Cluster Analysis
Identifying incident clusters for a fire station and identifying income clusters for the economic development office in Tarrant County
Problem and Objective
Two separate scenarios were undertaken in this assignment. For the first, a fire chief has requested a map to present during the next city council meeting showing hot and cold spots for Incident reports responded to during January of 2015. In the second scenario, the Dallas County Economic Development Office has requested a map showing hot and cold spots for median household income so they can better direct their job creation and fundraising efforts.
Analysis Procedures
To address these requests, I used ESRIs ArcGIS Pro 3.1 and various tools from the Mapping Clusters section of the Spatial Statistics toolbox including Cluster and Outlier Analysis and the Hot Spot Analysis tools. The data used for this analysis included the Incident Reports for January 2015 for the 2nd Battalion Fire Department and Median Household Income data for the area. For the second exercise, median household income for Dallas County was used. This data was provided by our GIS 520 class and came from the “GIS Tutorial 2 – Spatial Analyst Workbook” (4th Ed.) by David W. Allen.

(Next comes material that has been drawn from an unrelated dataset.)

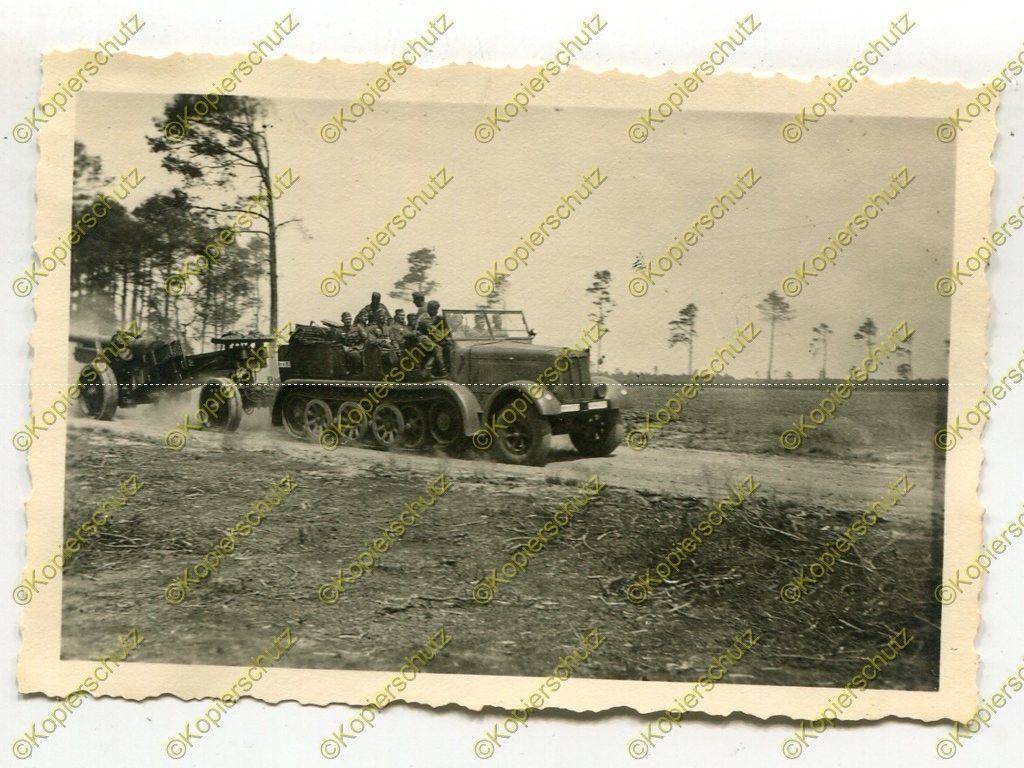 Artillerie-Regiment 84, Sdkfz, Geschütz,Vormarsc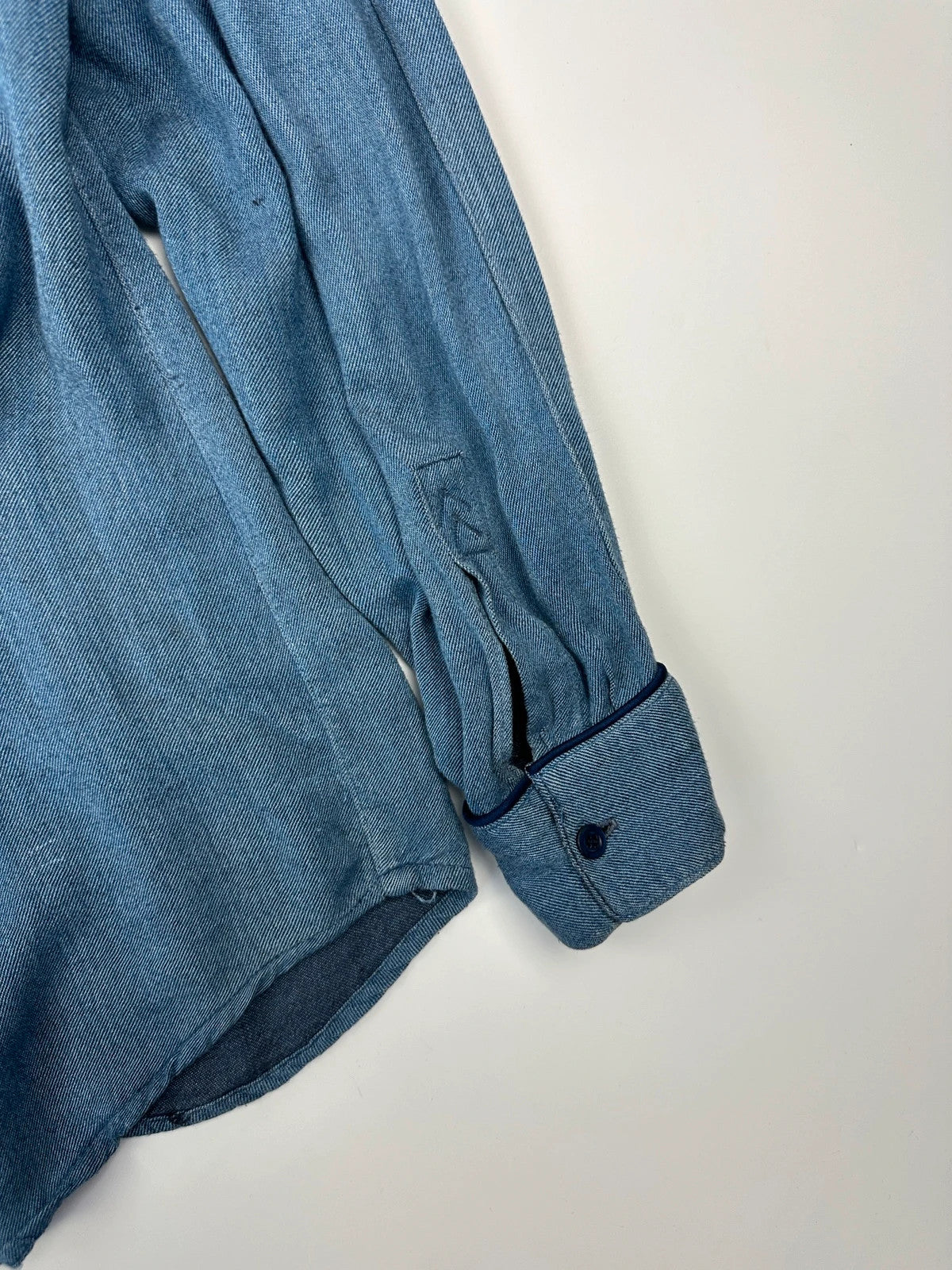 Marithé + François Girbaud 90’s Blue Oversized Shirt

This data was provided by our GIS 520 class and came from the “GIS Tutorial 2 – Spatial Analyst Workbook” (4th Ed.) by David W. Allen.
After establishing statistical significance of patterns using global calculation techniques, I used local statistics methods to find the areas where clustering is occurring. After importing the map provided from the exercises, I ran the Cluster and Outlier analysis tool, using the FEE value (representing incident urgency) as the weight field. Spatial relationships were conceptualized using Inverse Distance in the first run, with no standardization and 0 permutations used. I then changed the symbology, so the cluster types were more distinguishable on the map. The same process was done again, but this time spatial relationships were conceptualized using the fixed band method, set at 900ft.
For the next exercise, the Dallas County map was imported. This map contained a line layer with major roads in Dallas County and a polygon layer with census income data. After importing the map, I ran the Hot Spot Analysis tool using median household income as the weight field. The distance band value was set to 5280 feet.

Results
The first map shows the results of the cluster and outlier analysis using Anselin Local Moran’s I and Inverse Distance.

The second map shows the results of running the Cluster and Outlier Analysis tool with a fixed distance band of 900 ft.

This map shows the clustering of income levels in Dallas County using Hot Spot Analysis and shows distinct sections of income levels within the county.

Application & Reflection
One especially useful use case of Hot Spot analysis is finding hot spots for diseases such as influenza and tracking the spread, such as in this hypothetical scenario in Cumberland County.
Problem description
An epidemiologist has been tasked with finding out more information about influenza outbreaks in Cumberland County, NC and if population factors are affecting the outbreak numbers. They want to find out if there are certain hot spots within the county to help direct vaccines and aid.
Data needed
The shapefile of Cumberland County in NC, data on influenza outbreaks and severity, as well as census data on age and population density of areas.
Analysis procedures
I would first import all of the data in ArcGIS. Then, I would run the Cluster and Outlier Analysis tool on the influenza outbreak data, using the influenza severity as the weight field. I would then visually inspect the results and see where there are hot spots. I would then run the Hot Spot analysis tool on the age census data as well as the population density data to create two separate layers. I would then compare and see if influenza outbreaks are clustered in older age groups and / or in areas where there is greater population density.